Attentive postmark collectors can actually track this process in postmarks, although the postmarks did sometimes lag after the reorganizations. The card below shows a nice bilingual postmark from the Odessa guberniya period, from a place called Bilyaevka. I'm sure there are lots more but I rarely see them.

Monday, October 5, 2015

Unpleasant surprises while collecting postmarks...

Today I celebrated a milestone in my decades-old pursuit of Crimean postmarks: I now have 250 Imperial-period (excluding prestamp) postmarks on file, and 252 Soviet-period (up to 1945) postmarks. And I still find new postmarks almost every week, and certainly every month.
To give you some idea of how incomplete this little database must be: I am aware of 110 post offices (of various classes, excluding town post sub-offices) that were active during the Imperial period. I have recorded postmarks of 53 of them. The Soviet period is even worse. There's a 1937 listing by Andrew Cronin that lists 273 offices, of which I've seen 75. Clearly, I have a lot more collecting to do!
However, every now and then I find out the job is even bigger than I thought.
Let's start with multiple serial letters. It's a well-known phenomenon that you can have multiple postmarks with the same serial letter for a given location. The later-Imperial double-circle postmarks are often found in a "large" and "small" version sharing the same serial letter, and of course, postmarks had to be replaced sometimes too. Even so, some places on the Crimea drive me nuts. Baidary is a good example. I have 4 double-circle postmarks in my files. ALL FOUR WITH SERIAL "a"! I mean, come on! If that multiplicity is typical, then I'll be collecting postmarks until I die.
In the Soviet period, the 1930s can be a little like that too. Most postmarks seem to exist in two versions. The older version (early 1930s) has (placename) KRYM in the top half in Cyrillic and (placename) in the bottom half in Extended Latin. The later version has KRYM (or rather, QRbM) in the bottom half as well. So for any given serial letter you are likely to find two postmarks.
But Gurzuf added insult to injury!

FINE! Two postmarks with serial "v", both in the older type. And yes, I am aware the bottom of the two has the dodgy dots that denote NKVD censorship, but still!
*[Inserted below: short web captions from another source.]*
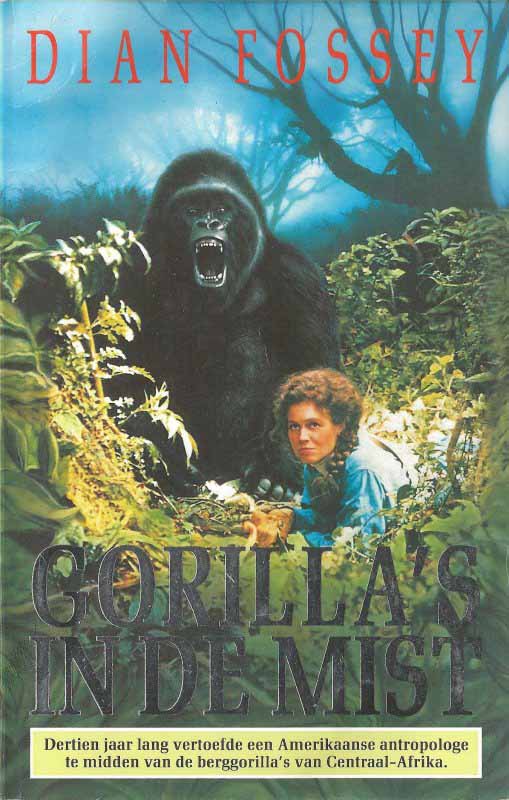 Gorilla's in de mist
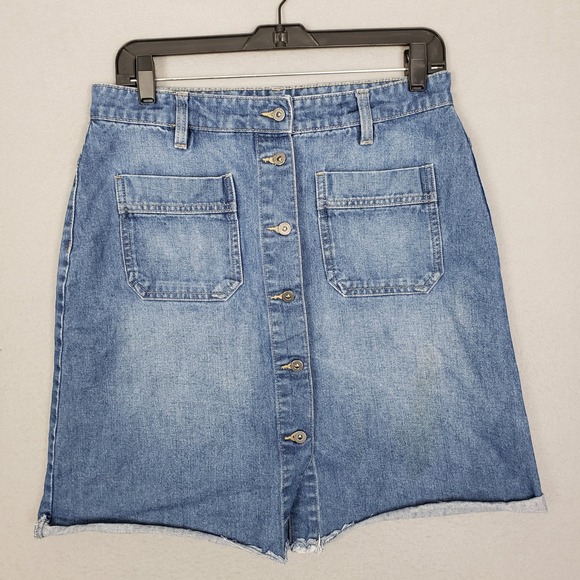 O'Stin Dresses & Skirts - O'Stin Button Front Denim Mini Skirt Summer Festival Coastal European Size L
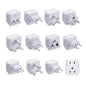 Ceptics World Travel Adapter Set - 2 in 1 USA to Europe, Asia, Africa, India, Japan, Australia, Brazil, China, Israel and more - 11 Pack - Safe Grounded - Works with Cell phones, Laptops, Chargers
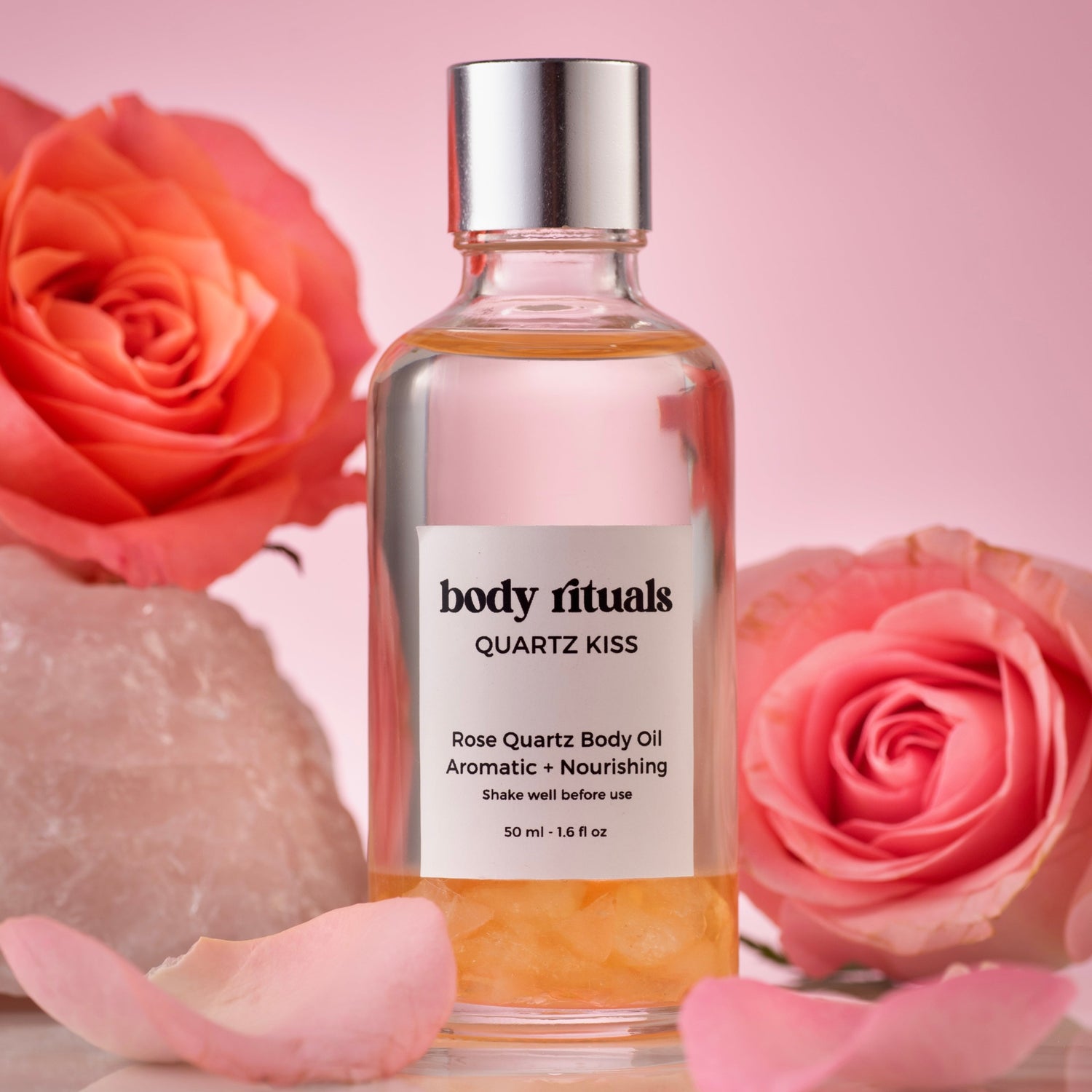 Quartz Kiss Aromatic Body Oil - Rose Quartz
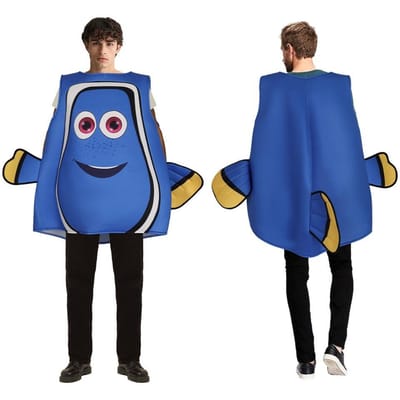 Vind Nemo Clownvis Cosplay Kostuum Volwassene Anime Nemo En Dory Clownvis Cosplay Halloween Kerstfeest Grappig Spons Kostuum Adult One Size&Nemo Cosplay blue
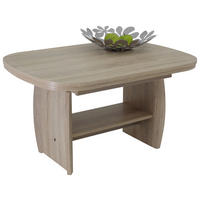 COUCHTISCH oval Sonoma Eiche  - Sonoma Eiche, Basics, Holzwerkstoff (90/68/52cm) - MID.YOU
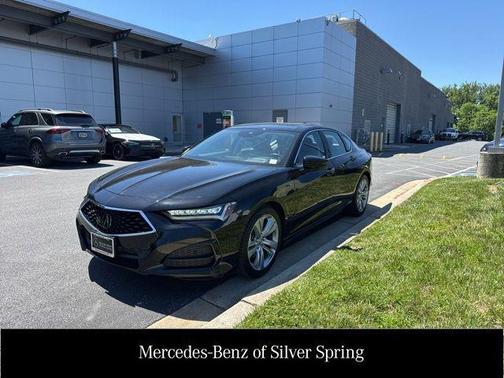 Majestic Black Pearl 2022 Acura TLX Technology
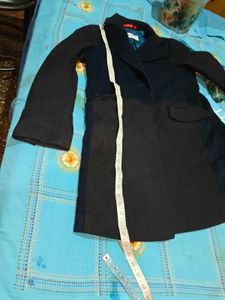 Stylish Two-Tone Men's Overcoat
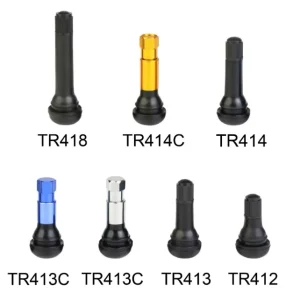 Brass Natural Rubber TR Series TR413 TR414 TR415 TR412 TR418 Inner Tube Tire Valve Stems Caps for Universal Cars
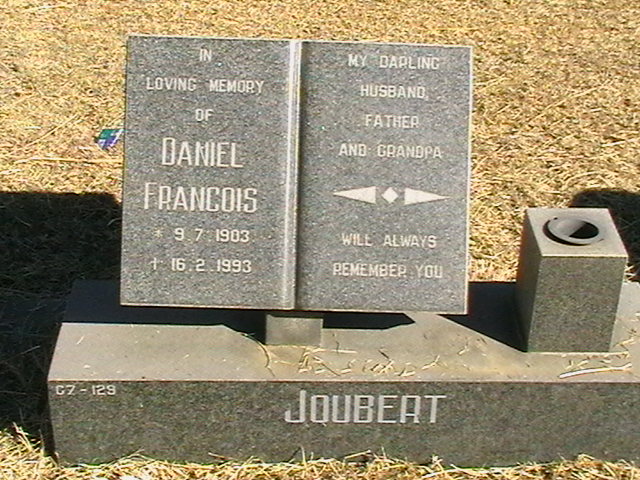 JOUBERT Daniel Francois 1903-1993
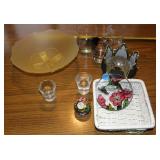 Satin Glass Bowl, Watch Paper Weight,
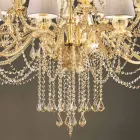 Lampadario a 16 Luci Fatto a Mano in Vetro di Venezia, Made in Italy - Milagros Viadurini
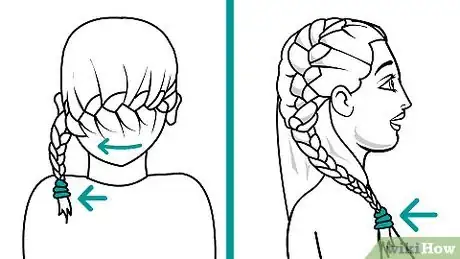 Image titled Do a Basic Hair Braid Step 30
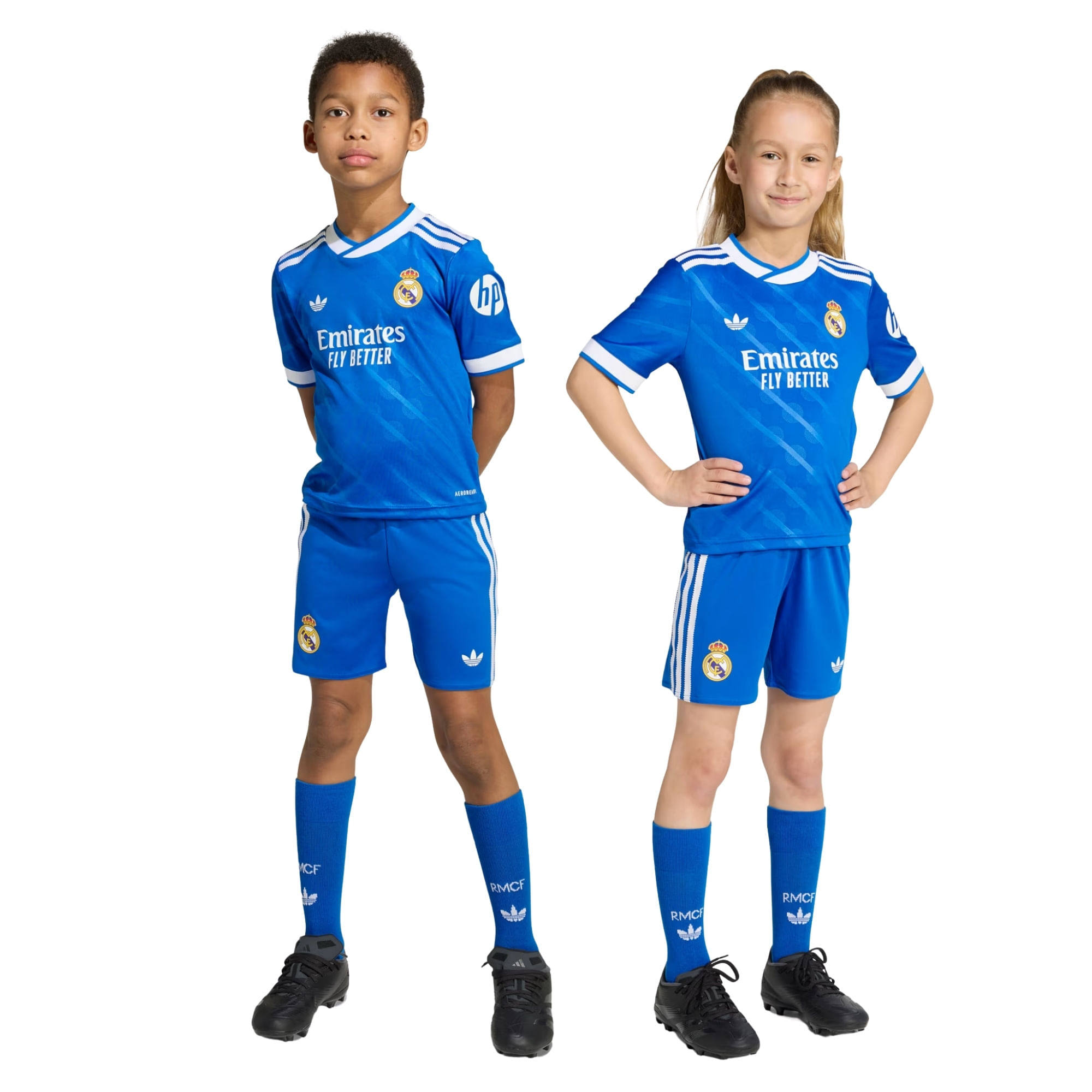 Conjunto Real Madrid III Adidas Infantil - Azul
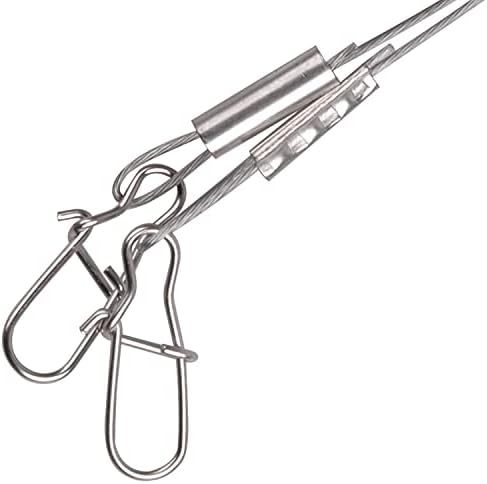 Carolina Saltwater Rigs, 8pcs Flounder Fishing Rigs, Stainless Steel Wire Leader with Egg Sinker Weights, Swivel Snaps for Catfish Grouper Drum Redfish Bottom Surf Fishing - Image 4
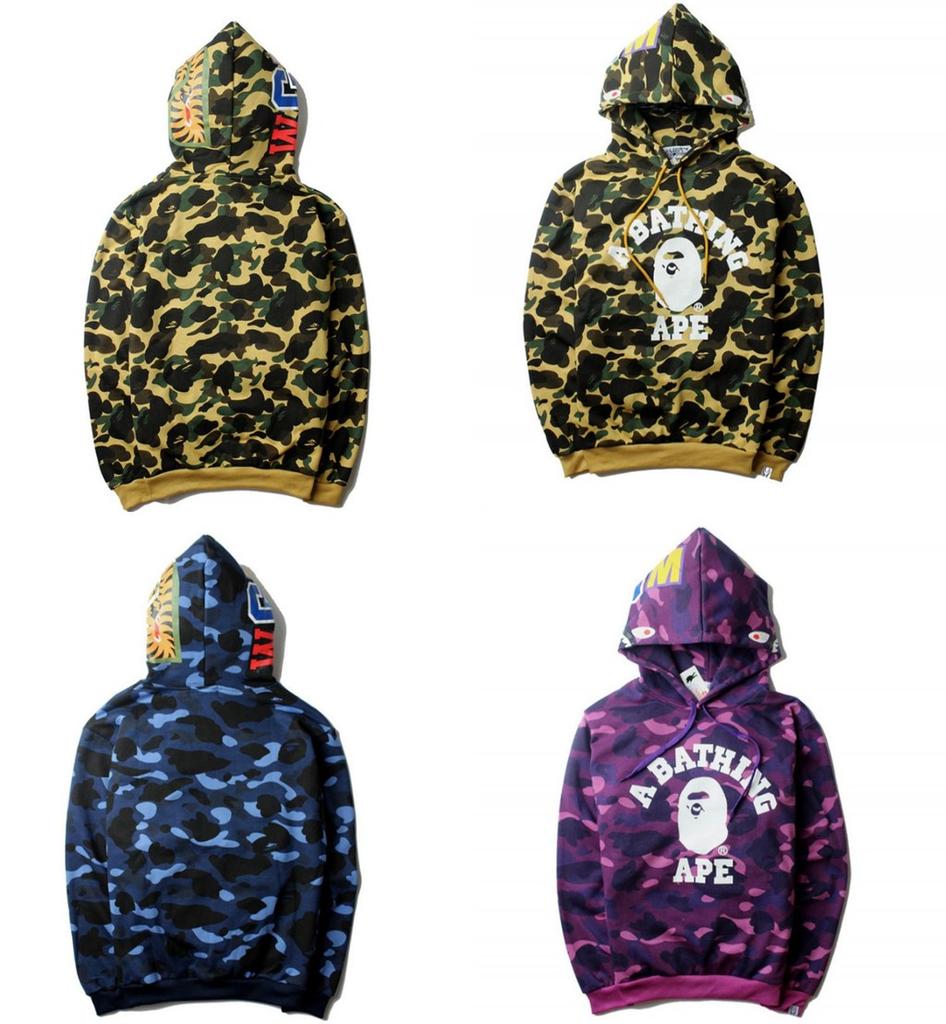 Shark Head 3d Print Hoodie With Camouflage Pattern For Casual Youth Fashion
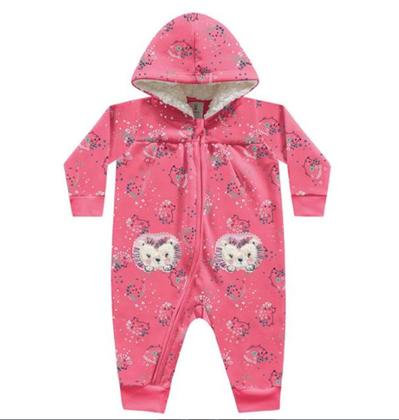 Imagem de Macacão Manga Longa Moletom com ziper e capuz kiko e kika (REF:8346)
Now let's talk about city post sub-offices. Even during the Imperial period these just pop up like odd surprises. On the Crimea, Sevastopol', Simferopol' and Feodosiya certainly had them, because I have the postmarks, but were there any others? Dunno!
The Soviet period is even worse. Take a place like Saki, a small town on he Southwestern coast.  Why on earth did Saki, of all places, have this:
SECOND town sub-office, no less! And then this pops up from Feodosiya:
Very nice, and now I know what "gorodskoe" looks like in Crimean Tatar, but damn....

I'm going to be collecting these postmarks until I die, and I'd better be long-lived!